1.07.2011

Extrait d'un exposé sur l'Europe, rédigé par un écolier de l'Ile en 2152

Il est dommage mais non surprenant de constater l'abandon de sa périphérie par ce qui s'appelait encore l'Union Européenne à l'orée des années 2010. Ce fut l'un des premiers signes manifestes d'un déclin commencé une vingtaine d'années auparavant.
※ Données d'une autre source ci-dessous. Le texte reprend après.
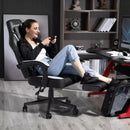 LEMBERI Big and Tall Heavy Duty PC Gaming Chair LGC01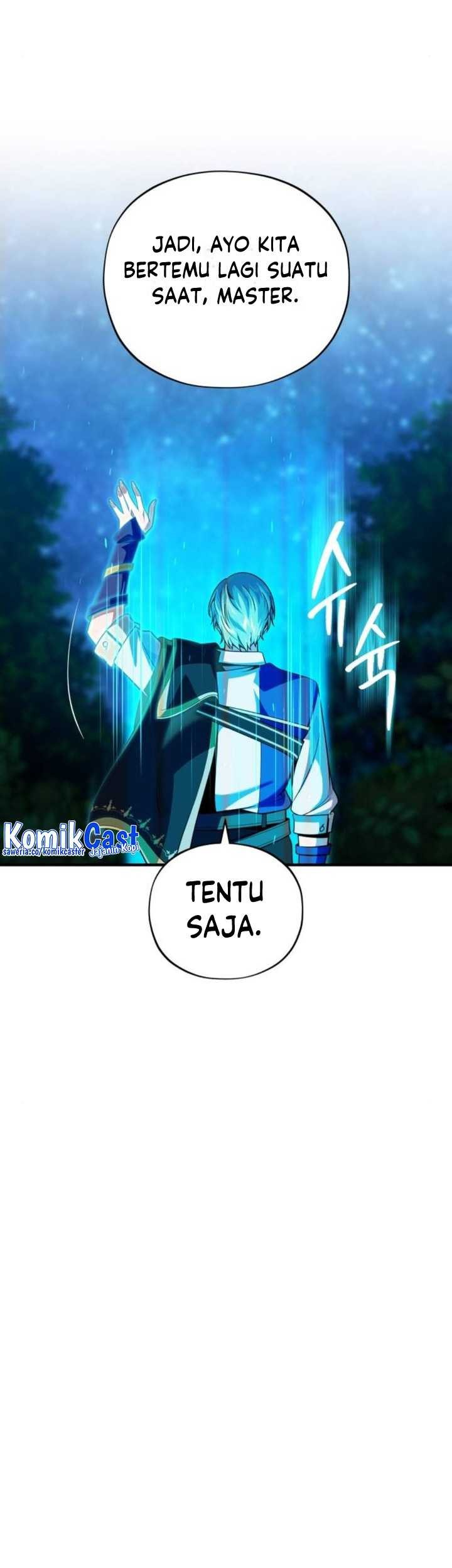 The Dark Magician Transmigrates After 66666 Years Chapter 130 - halaman 82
L'Europe aurait dû normalement achever son rôle prépondérant dans l'histoire internationale au sortir de la seconde guerre mondial et l'avènement de la (courte) hégémonie américaine (USA). Ce déclin théorique fut amorcé lors de l'absurdité historique que fut la première guerre mondiale (alors que, comme tout le monde le sait, le monde était encore largement "partageable" entre les différentes puissances européennes et que rien, à ce stade de l'histoire ne justifiait un tel "règlement de compte").
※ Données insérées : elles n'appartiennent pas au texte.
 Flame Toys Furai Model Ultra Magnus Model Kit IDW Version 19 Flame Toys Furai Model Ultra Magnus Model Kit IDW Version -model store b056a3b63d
A la fin de la seconde guerre mondial, l'état effroyable de délitement du continent, puis la perte progressive des colonies, lié à l'émergence de la puissance américaine (oeuvrant principalement sur deux axes, économique (le plan Marshall) et culturel (le fameux effet "chewing-gum")) devait concourir logiquement à l'effondrement de l'ancienne main-mise européenne sur le reste du monde. Mais un événement particulier sembla pouvoir influer durablement sur l'inexorable chute et permettre une certaine persistance de l'influence et du pouvoir de l'ancien continent.
Le traité du charbon et de l'acier (appelé Pax economica) signé entre les différents principaux protagonistes continentaux du dernier conflit permit un temps à l'Europe et à ses citoyens de croire dans un continuum pacifié de leur ancienne puissance à l'aune des nouvelles donnes internationales.
Ceci était évidemment un programme politique et économique de longue haleine, voué à s'étaler sur des décennies avant d'être parfaitement efficient, mais les bases et la volonté furent posées et, malgré ou grâce à la guerre froide (complexe de tension théorique violente mais décentralisée en terme de conflit ouvert), le terreau d'expansion stable semblait établi.
La chute brutale de l'Empire soviétique fut à la fois une source de haute perturbation et un possible d'élargissement géographique et idéologique extraordinaire. Malheureusement les choix stratégiques pris à cette époque furent la genèse du déclin et de la chute définitive de ce qui s'est appelé Union européenne ou projet européen.
Le traité de Maastricht, bien que théoriquement et dans les grandes lignes, décrit comme un processus politique, assis en réalité les fondements pratiques d'une théorie économique comme fundamens de l'identité du continent, créant de facto une zone de libre-échange entre des pays dont le développement, les potentiels de développement et le PIB comportaient des écarts gigantesques. Ce choix voulu de doter la théorie ultra-libéral de toute la latitude voulue à son développement au détriment d'une assise politique forte créa les conditions idéales à l'émergence de gouvernement voué exclusivement à la défense de la caste marchande ou plutôt haute-marchande (France chiraquienne puis sarkozienne, Italie berlusconienne, Allemagne schroederienne puis merkelienne,...).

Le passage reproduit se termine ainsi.